To override the generator option's default values, one must define an
environment variable whose name starts with "CFGARG_" followed by the
generator's option name in upper case.

For example, the 'alloctype' options can be overriden through an
environment variable named "CFGARG_ALLOCTYPE"

    export CFGARG_ALLOCTYPE="mallocproxy"

Once this environment variable is defined, any micro-benchmark ran through
the performance driver in this environment will be using a generated CFG file
that uses 'mallocproxy' as allocator.


******************************
* Extracting plots from runs
******************************

** Generating worker scaling throughput-based plots

The performance driver outputs scaling reports that can be
further processed for automated plotting through gnuplot.
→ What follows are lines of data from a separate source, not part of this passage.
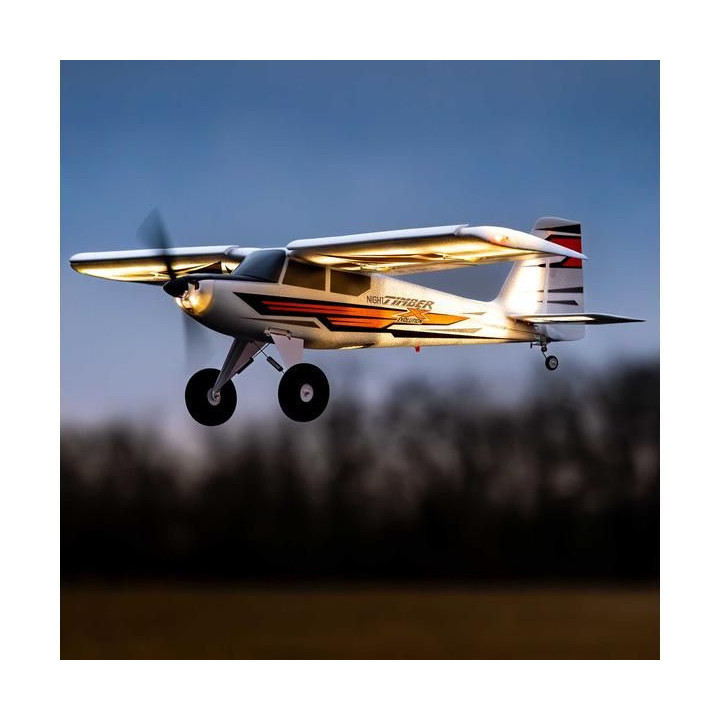 E-flite Night Timber X Evolution 1.2m AS3X+ SAFE Select BNF Basic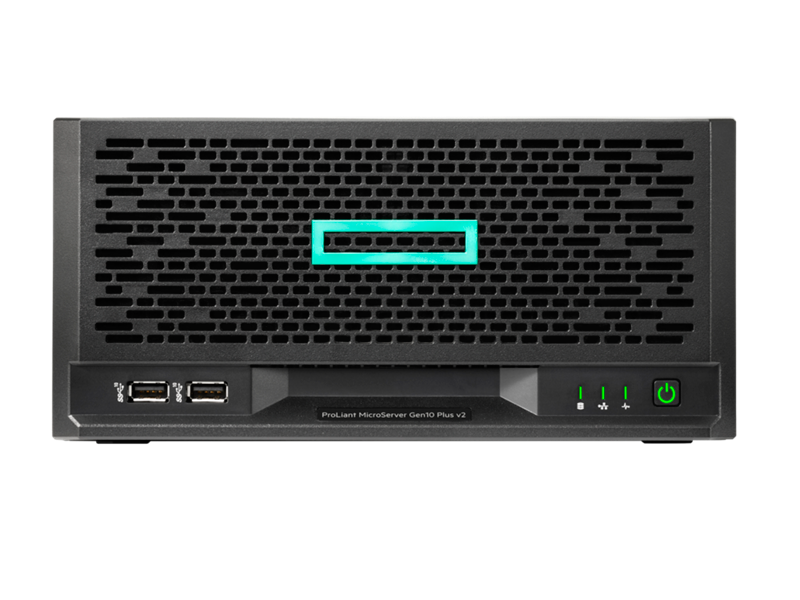 HPE MircoServer Gen10 Plus v2 Front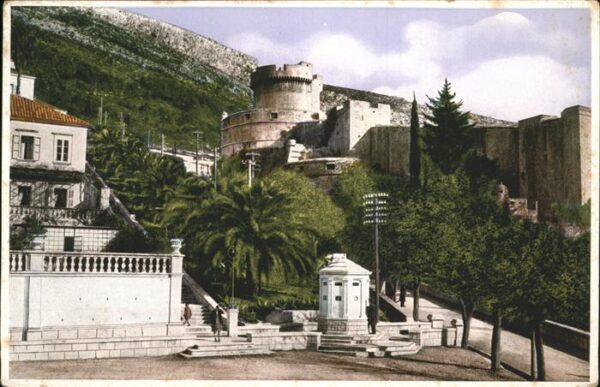 Dubrovnik Ragusa Minceta Turm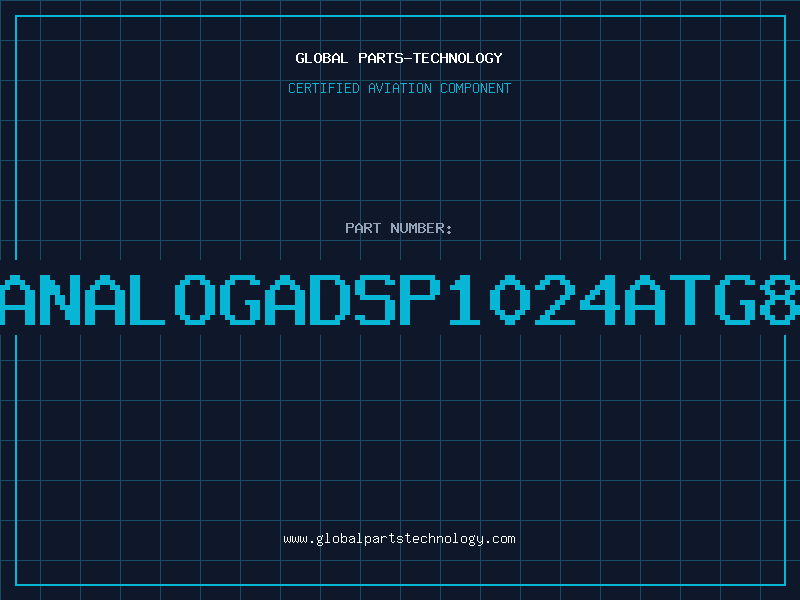 Aviation Part ANALOGADSP1024ATG8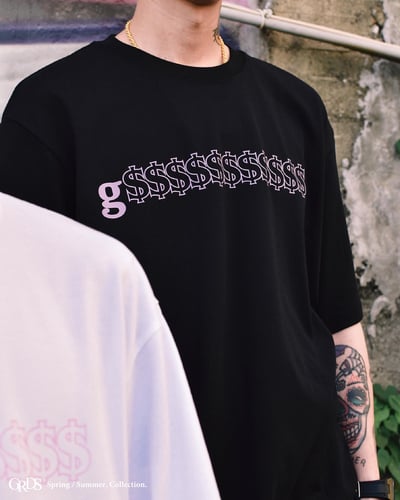 g$+ T-Shirt(白粉)6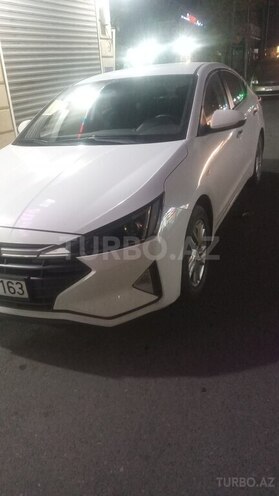 Hyundai Elantra 2019, 123,000 km - 1.6 l - Bakı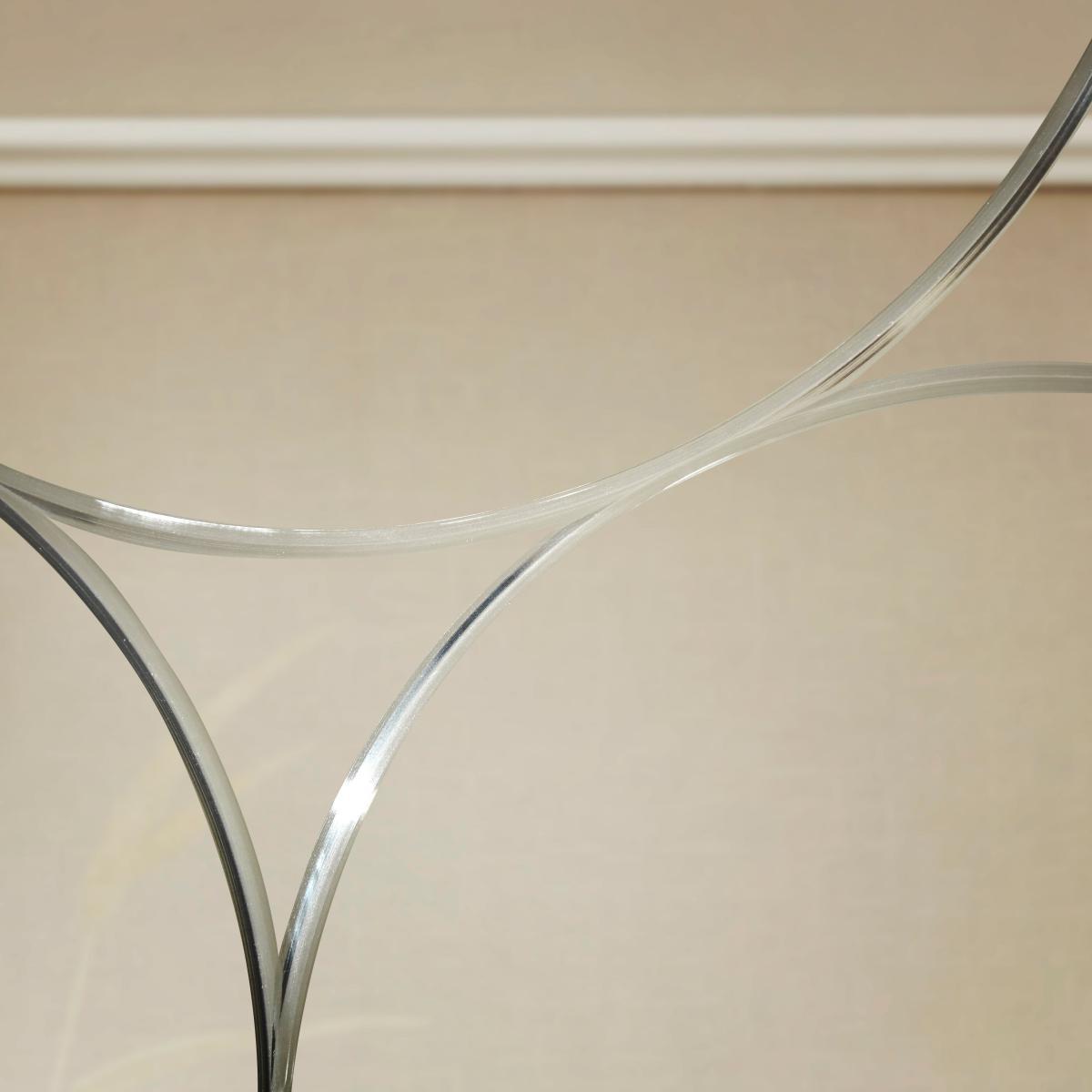 Window Wall Mirror Black – image 3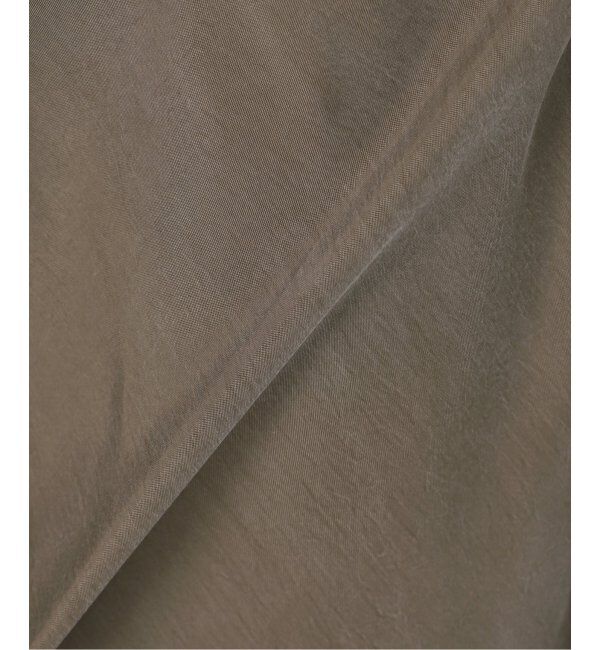 Spick and Span「《追加》ウォッシャブルキュプラフレアスカート」|スカート|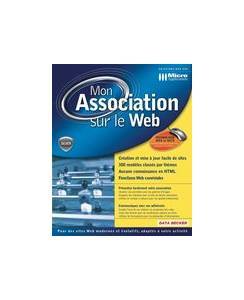 Logiciel cration site web pour association : Mon association sur le WEB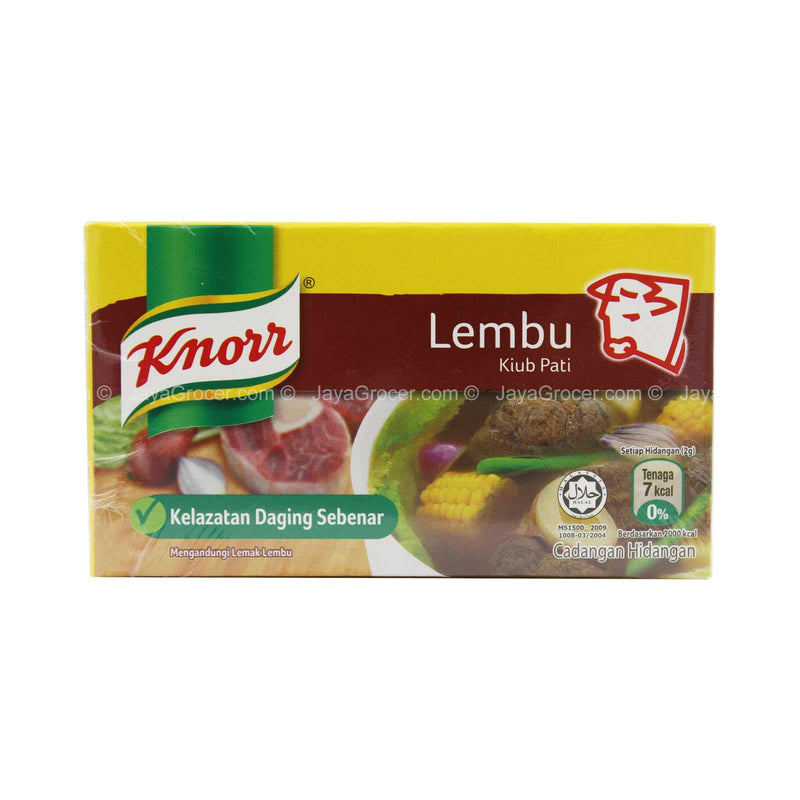 Knorr Beef Stock Cube 60g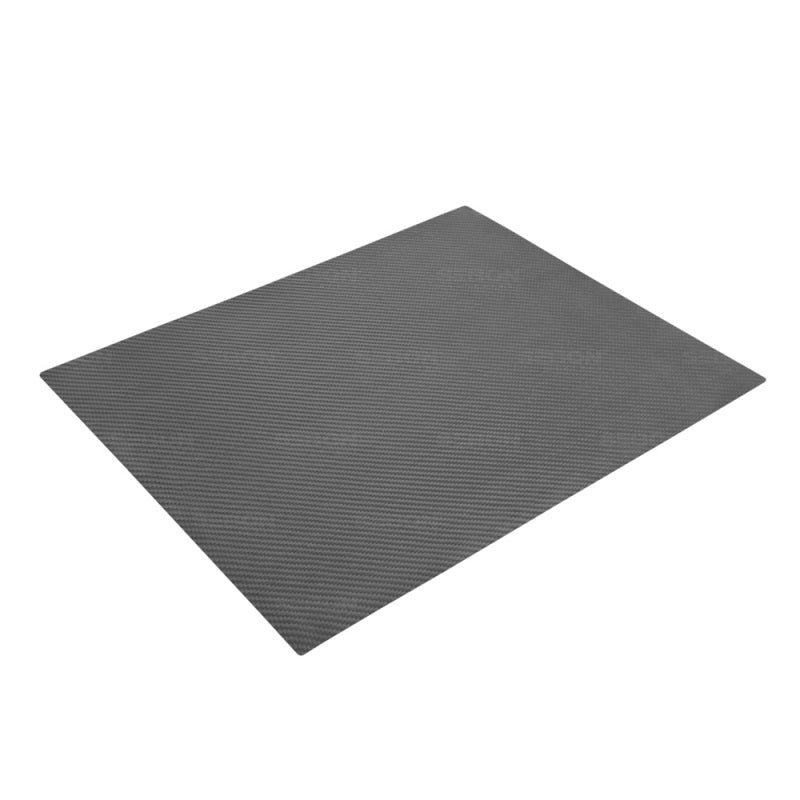 Seibon Carbon Single Layer Carbon Fiber Pressed Sheet 15.75in x 19.5in Seibon Carbon Single Layer Carbon Fiber Pressed Sheet 15.75in x 19.5in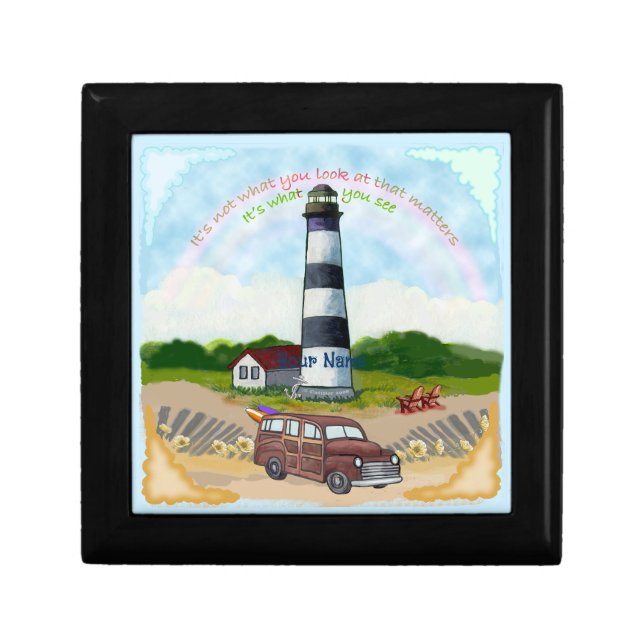  Rainbow Choice Lighthouse Gift Box (Front)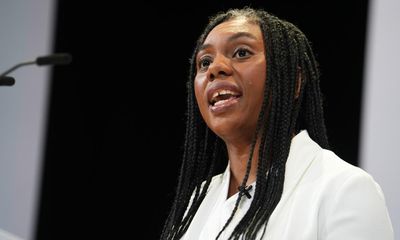 Kemi Badenoch says ‘western civilisation will be lost’ if Tory party fails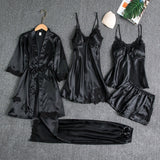 Élyséanne — Elegantní noční saténový set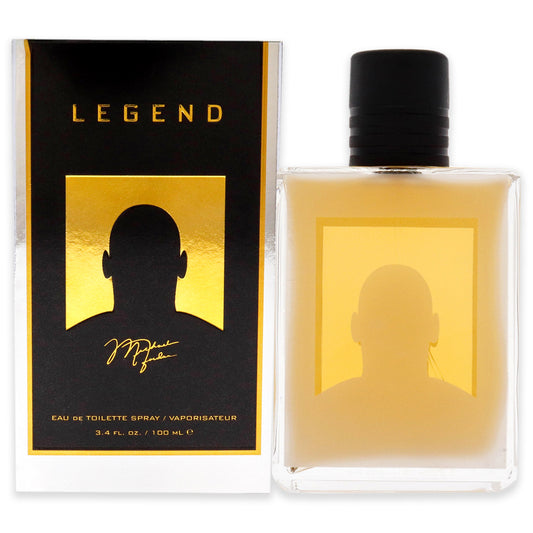 Michael Jordan Legend by Michael Jordan for Men 3.4 oz EDT Spray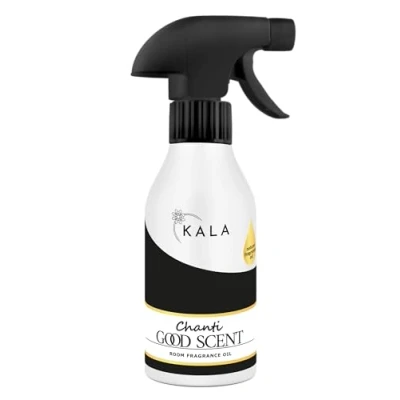 Abbildung von KALA Lufterfrischer Duftölspray CHANTI, Raumspray mit Geruchsneutralisation, Raumduft Spray Hält bis zu 48h, Air Freshener Aktiv Neutralisator GoodScent, 250ml
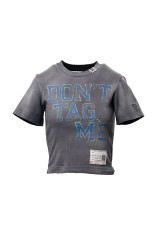 SUN FADED COLLAGE PRINT TEE - BLACK (B16TS591)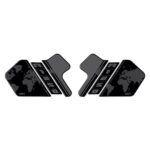 Protecție laterală rezervor (neagră) - BMW R 1250 GS / R 1250 GS ADV 2018-2023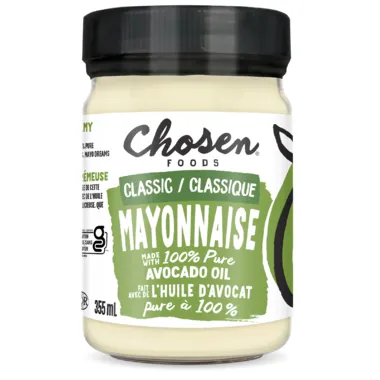 Chosen Foods - Avocado Oil Mayonnaise - 355 mL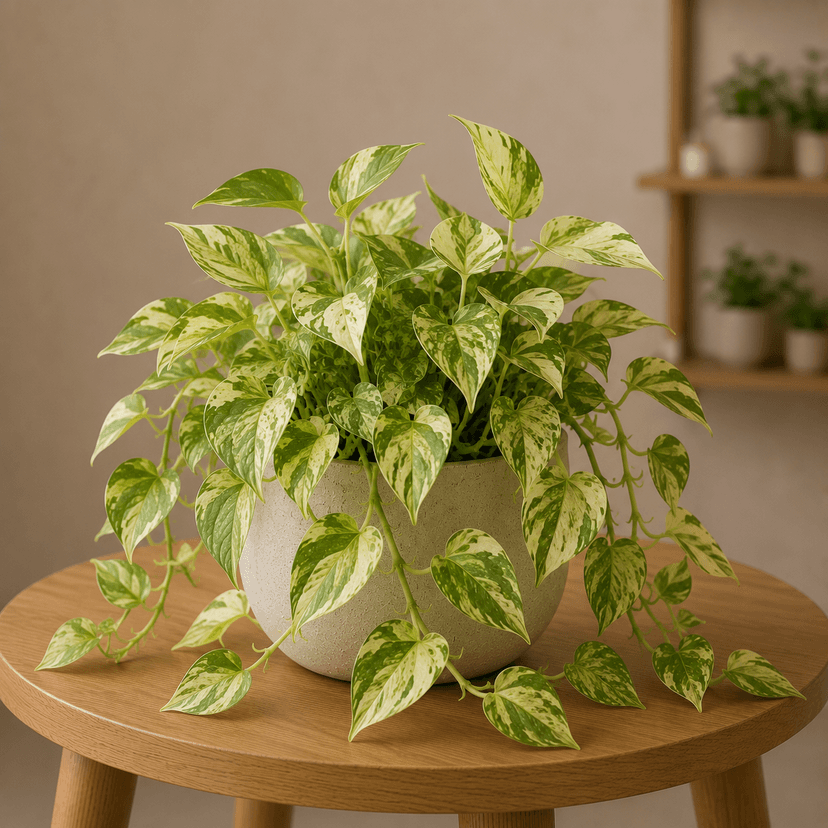 Marble Money Plant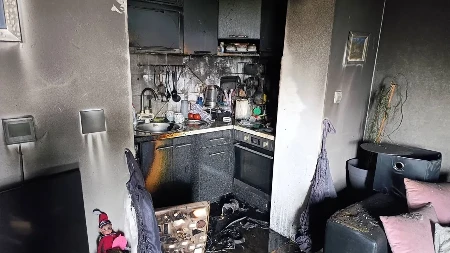 Vatrogasci gasili požare u dva stana u Banjaluci (FOTO)
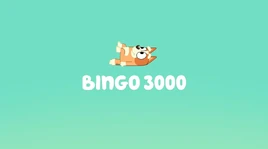 Bingo 3000 - Minisode Title Card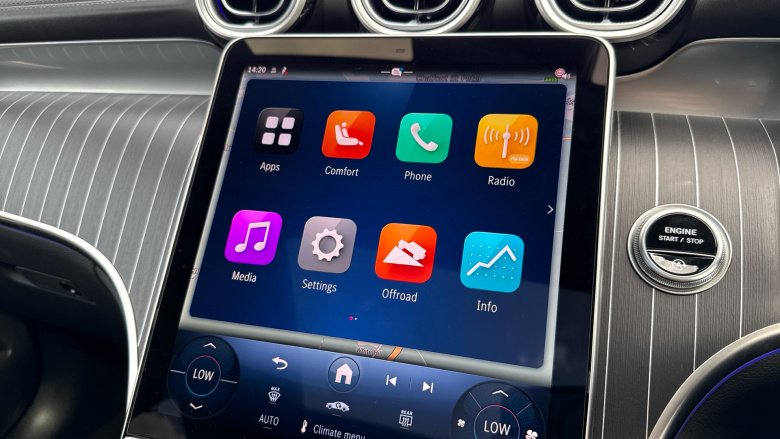 Mercedes-Benz GLC Coupe GLC 300 4Matic AMG Line Prem Plus 5dr 9G-Tronic Petrol Estate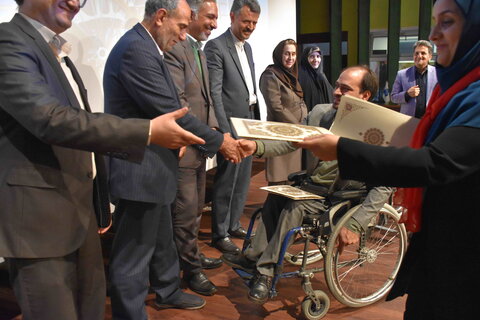 روز جهانی معلولین در مشهد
Three plotting scripts are available under the'scripts/' folder:

1- plotCoreScalingSingleRun.sh

    Allows to plot a single scaling report

2- plotCoreScalingMultiRun.sh

    Allows to overlay multiple scaling reports

3- plotCoreScalingTrendRun.sh

    Allows 'trend' plotting from multiple scaling reports

The first two display core scaling on the x-axis and throughput on the y-axis.

The third allows to plot each individual report on a x-axis tick (in the order
they were passed on the command line) while the y-axis is the throughput. There
is then a single curve per core count. For example, let say you do a daily
core-scaling run for 1,2,4,8 cores and invoke 'plotCoreScalingTrendRun.sh'
with all the daily reports properly ordered as command line arguments. The plot
shows 4 curves, where each x-axis tick is a day, and each day has 4 data point
representing the throughput for 1,2,4,8 cores.

Examples:

Generate a single report plot:
    ./scripts/plotCoreScalingSingleRun.sh myReport

Generate a multi report plot:
    ./scripts/plotCoreScalingMultiRun.sh myReport1 myReport2

Generate a daily trend report plot:
    ./scripts/plotCoreScalingTrendRun.sh myReportMon myReportTue myReportWed


******************************
* Adding micro-benchmarks
******************************

- Each micro-benchmark must declare a header with the following format:

// DESC: The purpose of the benchmark
// TIME: What the benchmark times
// FREQ: The granularity of the timed operation

And a follow up comment block that lists all the parameters used
by the micro-benchmark:

// VARIABLES:
// - VAR1_NAME
// - VAR2_NAME

- Micro-benchmark parameterization: Whenever possible make use of one of the
predefined parameters that can be found in 'default.mk'. For example, if
you'd like to parameterize your micro-benchmark to use a different number of
datablocks, reuse the 'DB_NBS' parameter pre-defined in 'default.mk'.

- To ensure compatibility with post-processing tools, all timings and results
printing must be done through the timer interface defined by the framework.
The timer declarations can be found are defined under 'performance-tests/inc/helper.h'.
In your micro-benchmark code we recommend to only include 'perfs.h' which in turn
includes any other framework headers.